## Exercise description
Reproduce the records exactly.

## Given records

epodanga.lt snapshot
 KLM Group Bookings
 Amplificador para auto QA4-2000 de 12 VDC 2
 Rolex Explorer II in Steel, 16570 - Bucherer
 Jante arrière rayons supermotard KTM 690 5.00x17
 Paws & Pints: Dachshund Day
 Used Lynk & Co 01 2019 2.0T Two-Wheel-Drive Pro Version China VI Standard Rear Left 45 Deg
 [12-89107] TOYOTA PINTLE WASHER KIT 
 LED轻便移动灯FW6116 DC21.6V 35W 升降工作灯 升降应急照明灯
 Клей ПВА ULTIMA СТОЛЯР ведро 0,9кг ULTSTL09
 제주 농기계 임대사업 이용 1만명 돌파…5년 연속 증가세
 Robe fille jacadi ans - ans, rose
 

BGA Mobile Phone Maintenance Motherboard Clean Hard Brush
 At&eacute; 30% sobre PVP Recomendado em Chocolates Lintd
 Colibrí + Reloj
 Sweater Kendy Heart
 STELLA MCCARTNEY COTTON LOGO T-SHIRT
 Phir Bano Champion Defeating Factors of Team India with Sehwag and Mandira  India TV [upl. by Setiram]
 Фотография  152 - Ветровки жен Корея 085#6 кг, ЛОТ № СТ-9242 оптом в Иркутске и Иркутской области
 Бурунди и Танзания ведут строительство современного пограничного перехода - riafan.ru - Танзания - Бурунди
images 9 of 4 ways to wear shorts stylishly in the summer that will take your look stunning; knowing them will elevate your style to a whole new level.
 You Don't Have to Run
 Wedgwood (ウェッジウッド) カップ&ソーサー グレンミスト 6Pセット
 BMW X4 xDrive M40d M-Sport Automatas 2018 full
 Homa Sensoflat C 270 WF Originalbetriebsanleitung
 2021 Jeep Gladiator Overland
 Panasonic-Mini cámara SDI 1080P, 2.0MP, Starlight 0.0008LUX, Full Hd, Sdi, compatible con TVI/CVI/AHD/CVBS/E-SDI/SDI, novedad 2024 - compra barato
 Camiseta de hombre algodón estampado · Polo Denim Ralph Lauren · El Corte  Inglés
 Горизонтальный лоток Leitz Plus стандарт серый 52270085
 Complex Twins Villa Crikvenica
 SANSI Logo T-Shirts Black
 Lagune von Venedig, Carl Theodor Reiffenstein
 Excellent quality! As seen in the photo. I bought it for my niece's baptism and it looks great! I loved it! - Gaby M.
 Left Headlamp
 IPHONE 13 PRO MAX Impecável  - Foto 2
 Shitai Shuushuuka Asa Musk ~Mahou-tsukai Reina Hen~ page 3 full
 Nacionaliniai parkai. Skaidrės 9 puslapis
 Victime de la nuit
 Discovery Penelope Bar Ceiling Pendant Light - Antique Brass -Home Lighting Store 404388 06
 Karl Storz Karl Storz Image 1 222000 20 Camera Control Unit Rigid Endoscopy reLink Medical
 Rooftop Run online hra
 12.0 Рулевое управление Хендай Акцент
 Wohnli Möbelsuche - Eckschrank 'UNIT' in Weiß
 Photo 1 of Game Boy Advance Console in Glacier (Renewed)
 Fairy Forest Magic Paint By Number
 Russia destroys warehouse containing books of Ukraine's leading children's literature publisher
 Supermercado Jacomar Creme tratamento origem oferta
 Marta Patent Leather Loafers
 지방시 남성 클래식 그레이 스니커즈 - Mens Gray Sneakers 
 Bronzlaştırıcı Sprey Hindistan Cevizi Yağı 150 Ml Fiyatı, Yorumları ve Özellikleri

## Answer to the exercise
epodanga.lt snapshot
 KLM Group Bookings
 Amplificador para auto QA4-2000 de 12 VDC 2
 Rolex Explorer II in Steel, 16570 - Bucherer
 Jante arrière rayons supermotard KTM 690 5.00x17
 Paws & Pints: Dachshund Day
 Used Lynk & Co 01 2019 2.0T Two-Wheel-Drive Pro Version China VI Standard Rear Left 45 Deg
 [12-89107] TOYOTA PINTLE WASHER KIT 
 LED轻便移动灯FW6116 DC21.6V 35W 升降工作灯 升降应急照明灯
 Клей ПВА ULTIMA СТОЛЯР ведро 0,9кг ULTSTL09
 제주 농기계 임대사업 이용 1만명 돌파…5년 연속 증가세
 Robe fille jacadi ans - ans, rose
 

BGA Mobile Phone Maintenance Motherboard Clean Hard Brush
 At&eacute; 30% sobre PVP Recomendado em Chocolates Lintd
 Colibrí + Reloj
 Sweater Kendy Heart
 STELLA MCCARTNEY COTTON LOGO T-SHIRT
 Phir Bano Champion Defeating Factors of Team India with Sehwag and Mandira  India TV [upl. by Setiram]
 Фотография  152 - Ветровки жен Корея 085#6 кг, ЛОТ № СТ-9242 оптом в Иркутске и Иркутской области
 Бурунди и Танзания ведут строительство современного пограничного перехода - riafan.ru - Танзания - Бурунди
images 9 of 4 ways to wear shorts stylishly in the summer that will take your look stunning; knowing them will elevate your style to a whole new level.
 You Don't Have to Run
 Wedgwood (ウェッジウッド) カップ&ソーサー グレンミスト 6Pセット
 BMW X4 xDrive M40d M-Sport Automatas 2018 full
 Homa Sensoflat C 270 WF Originalbetriebsanleitung
 2021 Jeep Gladiator Overland
 Panasonic-Mini cámara SDI 1080P, 2.0MP, Starlight 0.0008LUX, Full Hd, Sdi, compatible con TVI/CVI/AHD/CVBS/E-SDI/SDI, novedad 2024 - compra barato
 Camiseta de hombre algodón estampado · Polo Denim Ralph Lauren · El Corte  Inglés
 Горизонтальный лоток Leitz Plus стандарт серый 52270085
 Complex Twins Villa Crikvenica
 SANSI Logo T-Shirts Black
 Lagune von Venedig, Carl Theodor Reiffenstein
 Excellent quality! As seen in the photo. I bought it for my niece's baptism and it looks great! I loved it! - Gaby M.
 Left Headlamp
 IPHONE 13 PRO MAX Impecável  - Foto 2
 Shitai Shuushuuka Asa Musk ~Mahou-tsukai Reina Hen~ page 3 full
 Nacionaliniai parkai. Skaidrės 9 puslapis
 Victime de la nuit
 Discovery Penelope Bar Ceiling Pendant Light - Antique Brass -Home Lighting Store 404388 06
 Karl Storz Karl Storz Image 1 222000 20 Camera Control Unit Rigid Endoscopy reLink Medical
 Rooftop Run online hra
 12.0 Рулевое управление Хендай Акцент
 Wohnli Möbelsuche - Eckschrank 'UNIT' in Weiß
 Photo 1 of Game Boy Advance Console in Glacier (Renewed)
 Fairy Forest Magic Paint By Number
 Russia destroys warehouse containing books of Ukraine's leading children's literature publisher
 Supermercado Jacomar Creme tratamento origem oferta
 Marta Patent Leather Loafers
 지방시 남성 클래식 그레이 스니커즈 - Mens Gray Sneakers 
 Bronzlaştırıcı Sprey Hindistan Cevizi Yağı 150 Ml Fiyatı, Yorumları ve Özellikleri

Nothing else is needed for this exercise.